# TTS Wheel Fitment



## a8rnx (Aug 14, 2015)

Hi guys,

Just a quick one, I am after some advice on wheel spec's before I go ahead & order my wheels.

My stock wheels are 19x9 ET52 with 255/35/19 tyres, the new wheels are 19x8.5 ET48 lightweight race wheels all round.

Will I be ok with losing half an inch on width & what would be the best size tyres to run on these? 235/35/19?

The car will be on 30mm H&R springs with OEM Mag Ride soon.
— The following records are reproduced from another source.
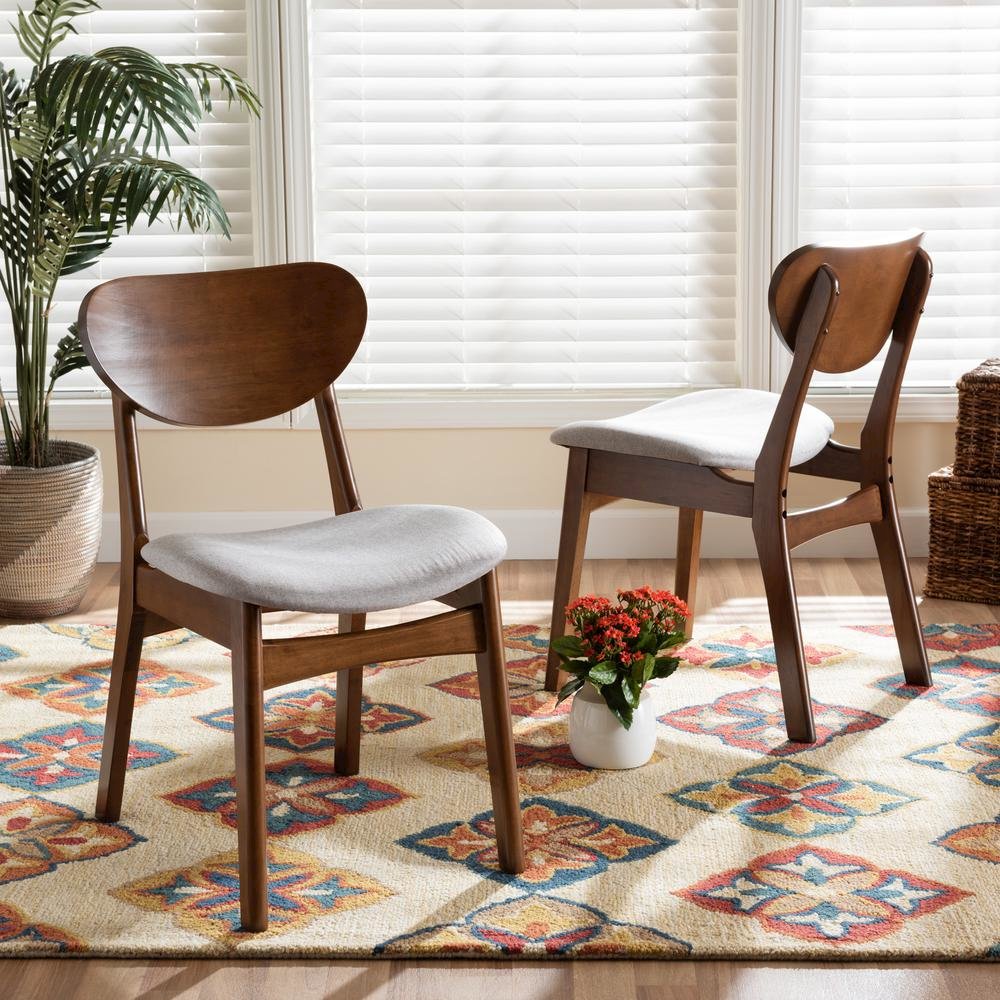 Grey Fabric Upholstered and Walnut Brown Finished Wood 2-Piece Dining Chair Set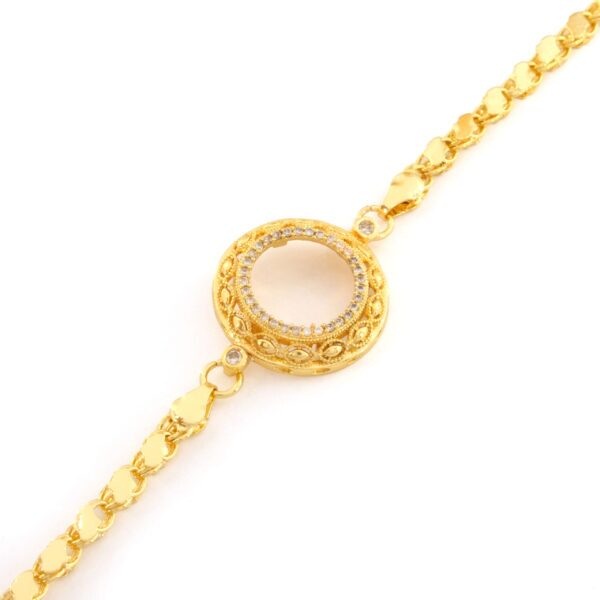 Alternative view of Çeyrek Altın Çerçeve Bileklik Çelik Altın Kaplama İşlemeli Arpa Model BLK-1091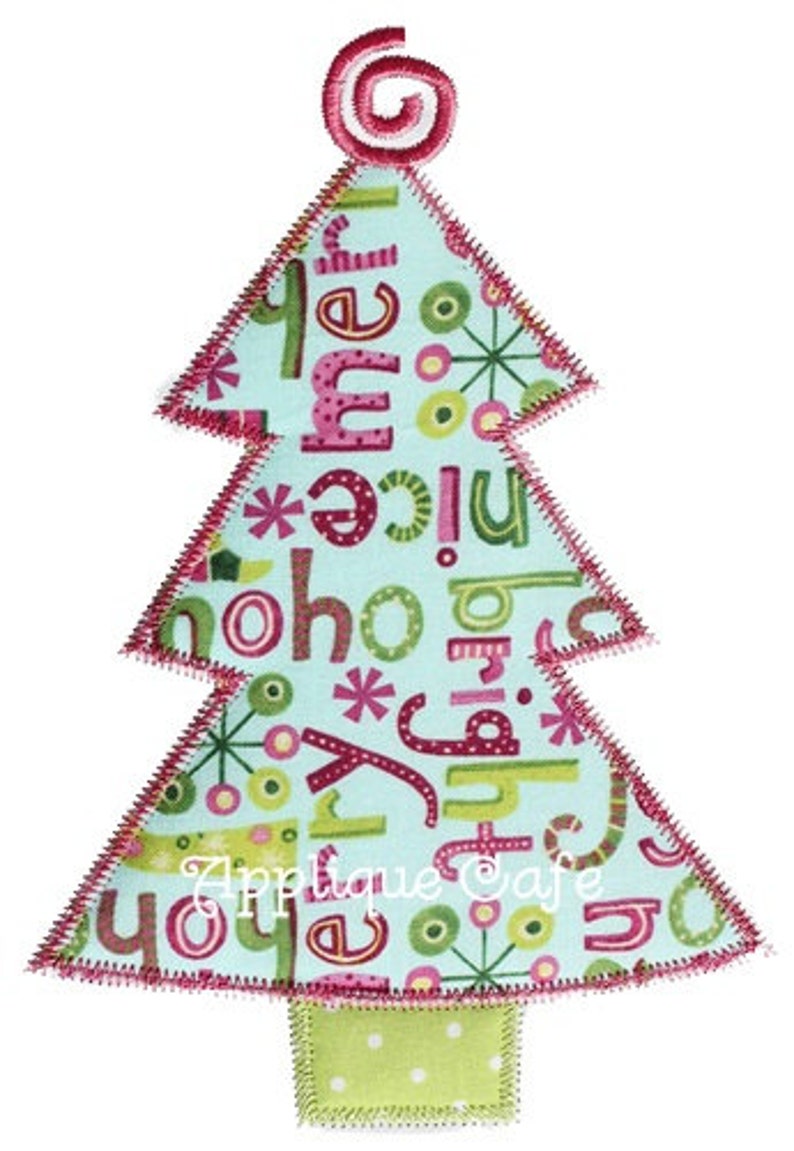 217 Zig Zag Christmas Tree Machine Embroidery Applique Design Etsy
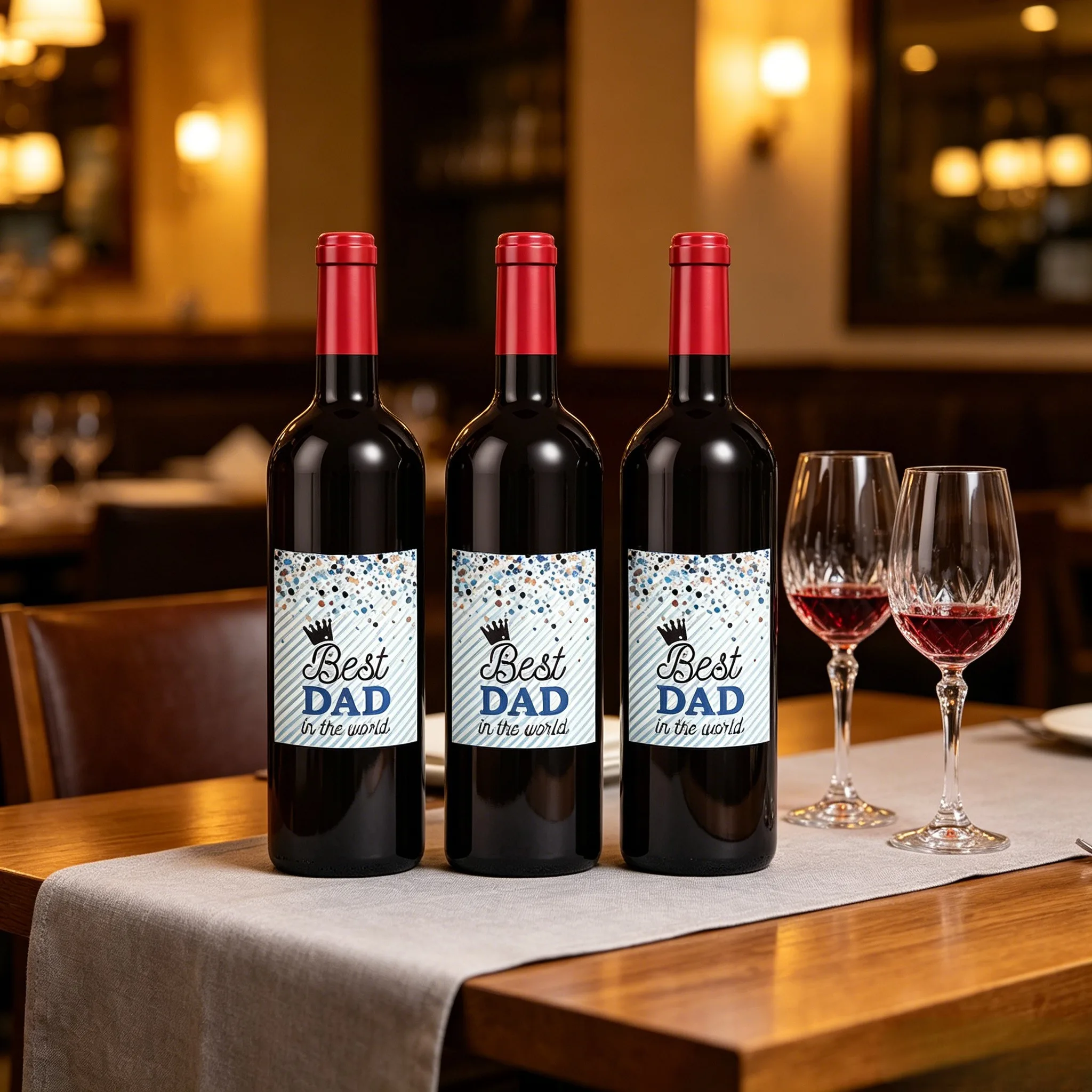 Father's Day Themed Red Wine Bottle Stickers 48 Pack Waterproof Labels for Party Decor and Special Event Setup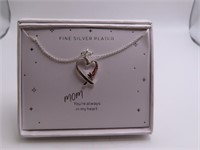 New boxed MOM plated Always Heart Necklace
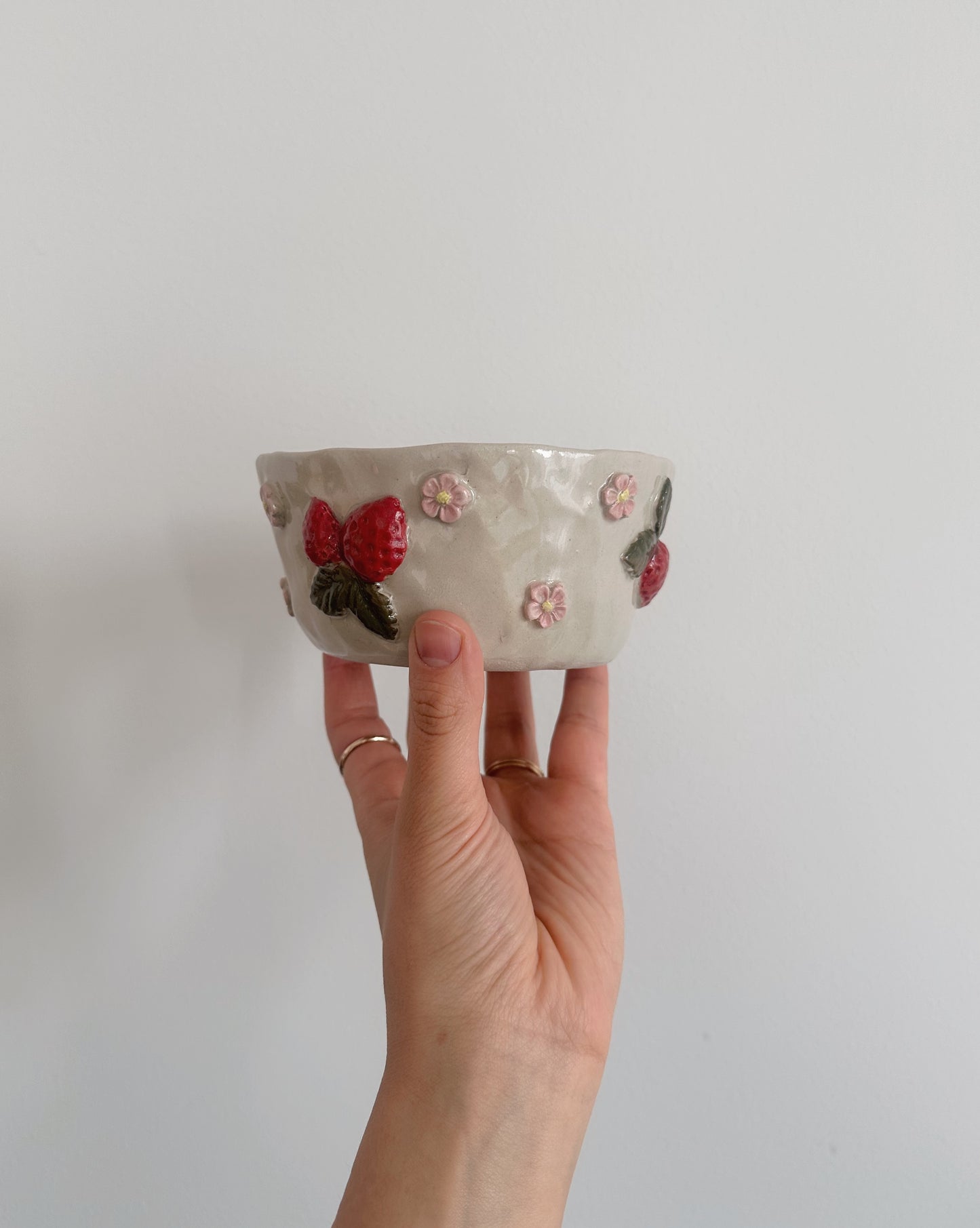 SOMMARDRÖM bowl with pink flowers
*Please note the wheels are for personal preference & perfect fitment to get R8 V10 calipers behind them.

Cheers!


----------



## ReTTro fit (Nov 9, 2014)

Yes your loosing half an inch on width but your only going in by 2.4mm with a et48 
I run 8.5j with 245/35/19
















On iPhone using Tapacrap


----------



## a8rnx (Aug 14, 2015)

Cheers mate! That looks smart 

Are you on stock suspension or?


----------



## ReTTro fit (Nov 9, 2014)

Yes mate but my wheels are ET35 so sit closer to the arch which makes it look lower

On iPhone using Tapacrap


----------



## s_robinson91 (Jun 9, 2012)

I run 235 35 19's on my ET35 8.5J 19's. I needed the stretch of the 235 to avoid the rubbing I got with 255 on my old ET35's. This is on standard TTS ride height, would be interested to see yours with the 30mm drop.


----------



## bhavin85 (Sep 20, 2013)

I managed to get a set of 19x8.5J ET32 wheels to fit (the brakes on the RS are huge so caliper clearance is usually an issue)...they are fairly flush with the arch...lowered on KW V3's...I don't think you could get any lower offset wise


----------



## s_robinson91 (Jun 9, 2012)

Nice fit with the 32's 8) , what tyres you running?


----------



## bhavin85 (Sep 20, 2013)

s_robinson91 said:


> Nice fit with the 32's 8) , what tyres you running?


I went with 225/40 as I was expecting the fitment to be tight...will probably change them for 235/35/19 to give that extra bit of traction..the car feels alittle unsettled when I go quick around corners


----------